Очень похоже, что притягательность «декабристского» сюжета обусловлена его трагической двойственностью. Все тут правы, и все же кругом виноваты. Оба противостоящих стана раздираемы внутренними коллизиями. Бескорыстие мешается с расчетом, авантюризм -- с чувством ответственности за судьбу страны, жажда подвига -- с жаждой власти. 14 декабря стало печальным и закономерным итогом александровской эпохи, одновременно формирующей государственных мужей и не дающей им реализоваться. Тень 14 декабря, навсегда травмировавшего едва ли не самого умного и решительного русского царя, легла не только на годы его правления, но и на все последующие царствования, обусловив дальнейшее расхождение общества и власти. Судьбы всех персонажей, действовавших на исторической сцене рубежа 1825--1826 годов, глубоко трагичны, вне зависимости от того, кто из них нам сегодня (или тем, кто мучился «декабризмом» прежде) больше или меньше импонирует. Когда Киянская (квалифицированный и азартный историк, чьи разыскания в военных архивах дорогого стоят) пытается «укрупнить» и «облагородить» своего героя, отталкивание от «старых легенд» о «злом» Пестеле и «добрых» Муравьевых бросается в глаза, а факты корежат красивую (очень сегодняшнюю) концепцию. Но и тенденциозность оказывается полезной: зная как новую, так и старую сказку, мы острее ощущаем проблемность личности Пестеля. Когда Кучерская, несколько кокетничая слогом (что странно для столь талантливого прозаика), живописует константиновские мифы и приглушает голос, касаясь темных случаев в жизни цесаревича, ее припудренную иронией жалость к жертве истории хочется поумерить.

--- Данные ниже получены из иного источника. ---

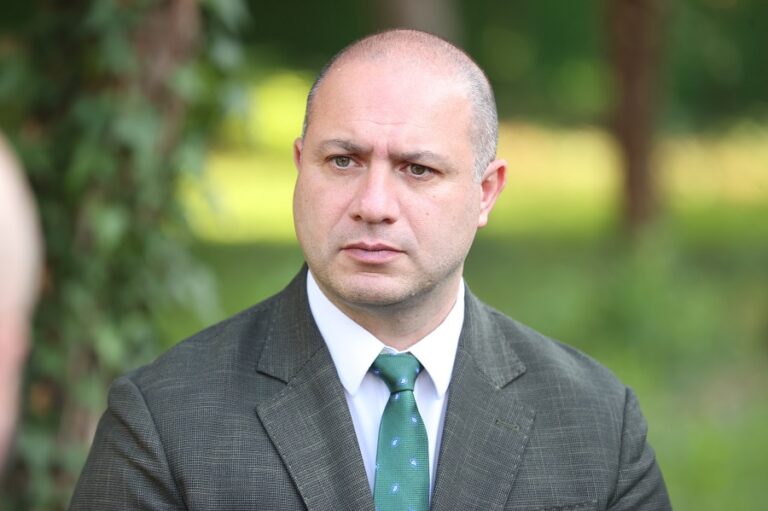 გივი მიქანაძე: ამ ეტაპზე საკითხი, რომ ეროვნული გამოცდები გადაიხედება და რამე სხვა გამოცდები ჩაანაცვლებს, დღის წესრიგშიც არ დგას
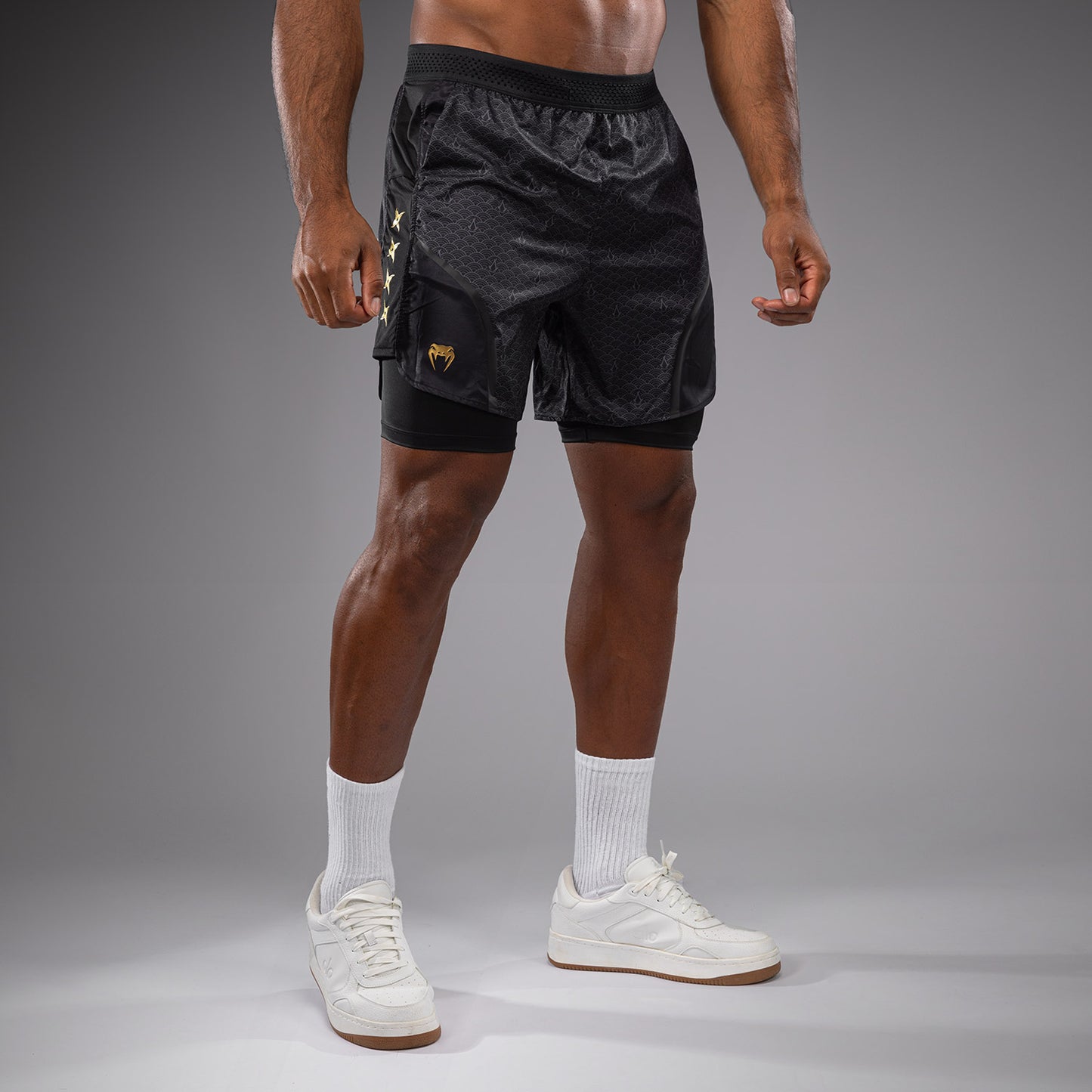 Venum x Assassin’s Creed Shadows Pantalón Corto de Entrenamiento Hombre - Negro/Dorado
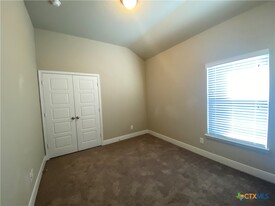 1247 FM306 in Canyon Lake, TX - Building Photo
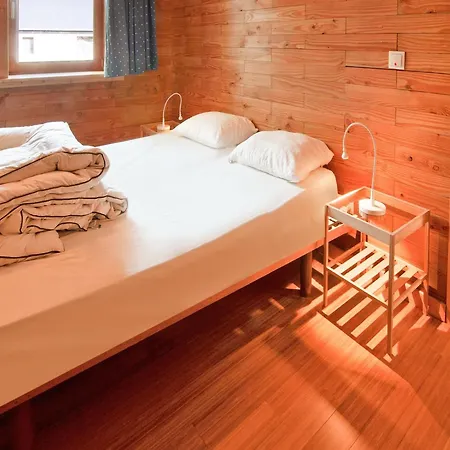 ヴィラ In Freyneux With Garden Freineux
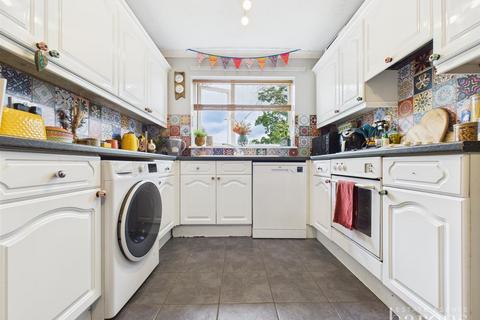 23 Boyce Close, Basingstoke, RG22 4JY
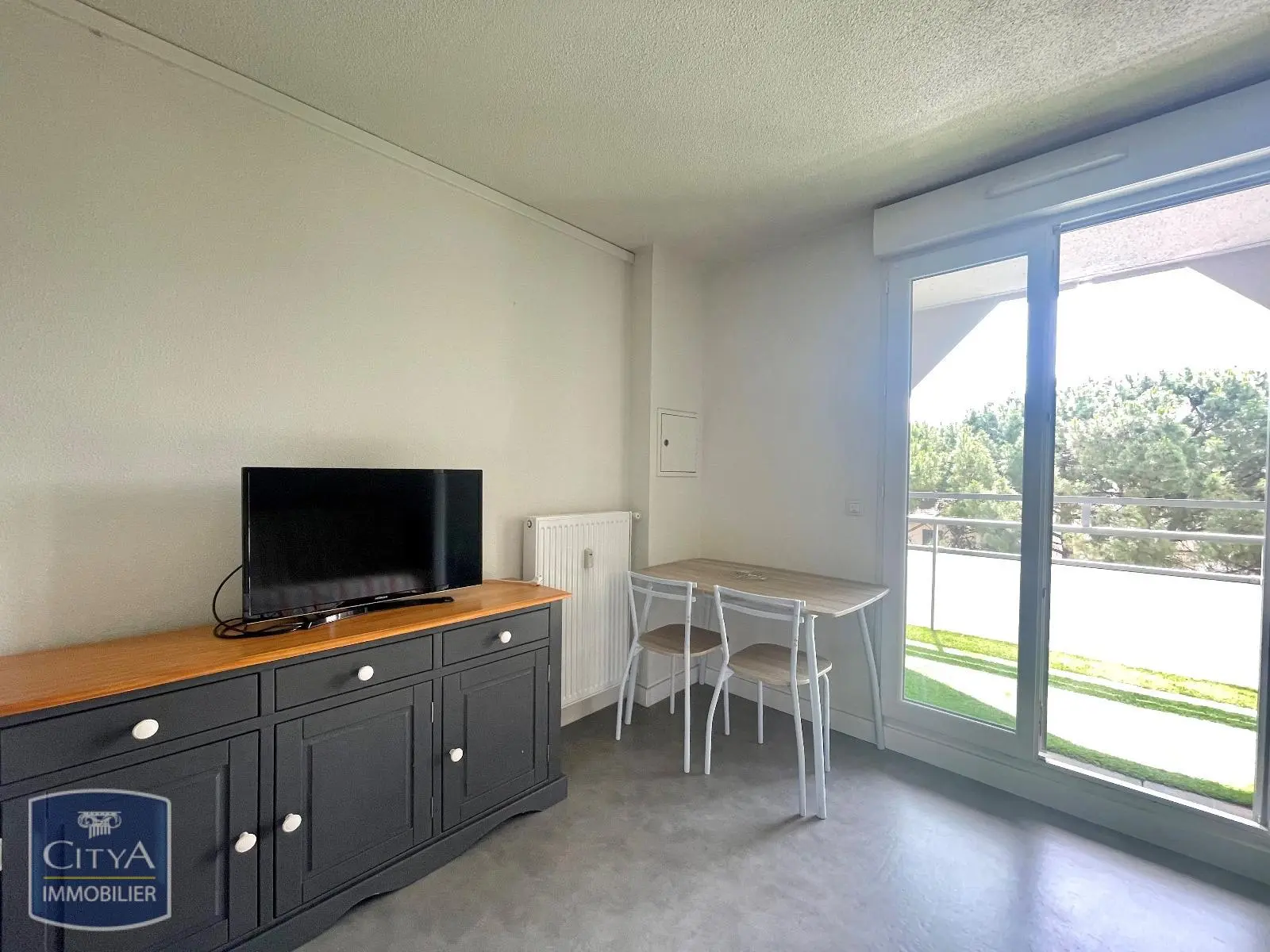 Photo 1 Appartement 1 pièce 20.68m²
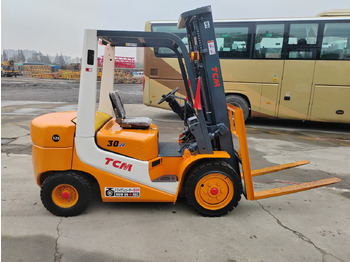 Diesel forklift TCM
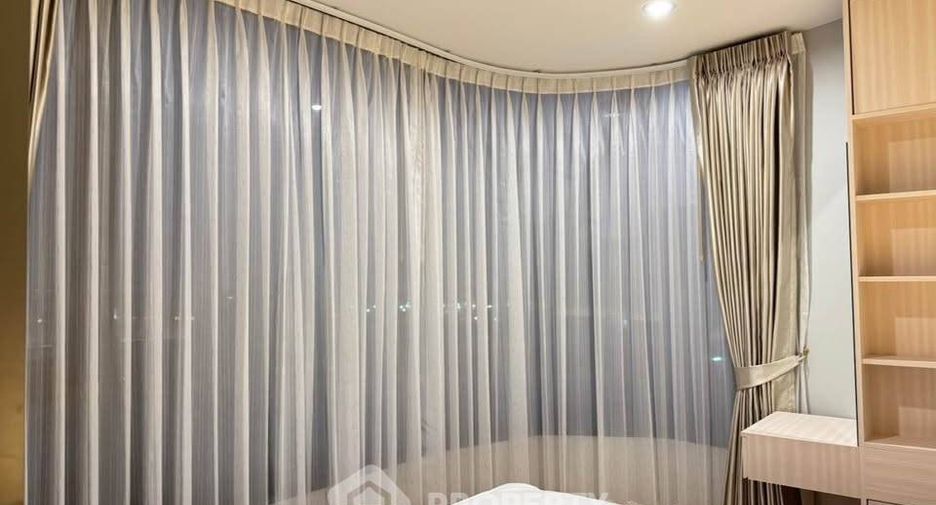 For rent 2 bedrooms condo in Bang Na, Bangkok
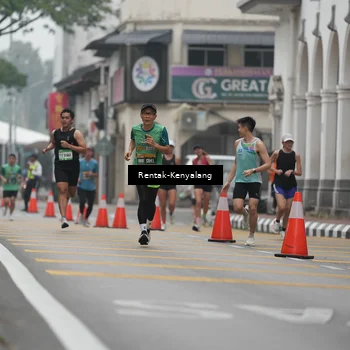 Runner Photo 8538763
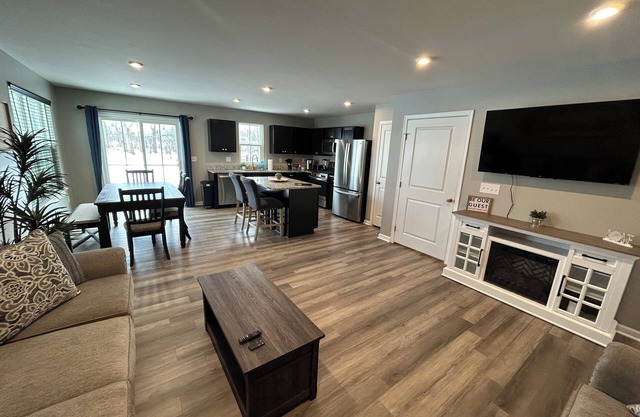 New, central spacious stadium townhome in West Seneca. Fully furnished, WiFi, AC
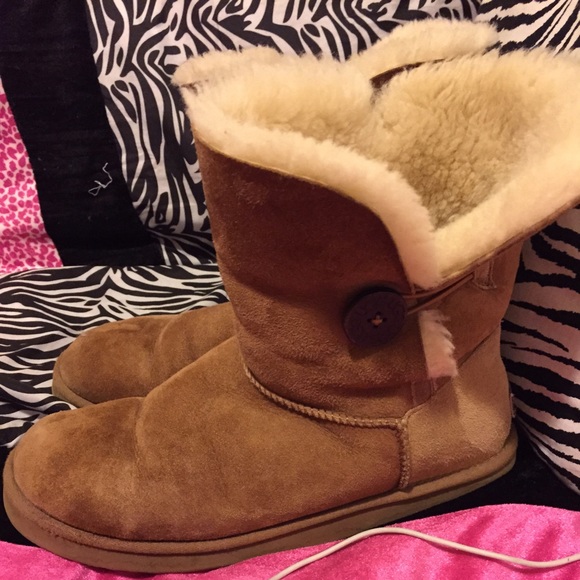 Bailey Uggs size 10 OFFERS WELCOME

Но как быть? Без перегибов в чувствительности и сюжетных лакун Константин Павлович выглядел бы примитивнее и грубее.
Повторюсь: вероятно, одновременный выход книг Кучерской и Киянской -- случайность. Но случайность удачная -- дающая шанс острее и точнее ощутить трагедию того переломного времени, тон которому задал «император в голубом кафтане». Вынесенную в заголовок строку из той же песни должно читать, чередуя интонации -- то беря ключевое слово в саркастические кавычки, то освобождая от них.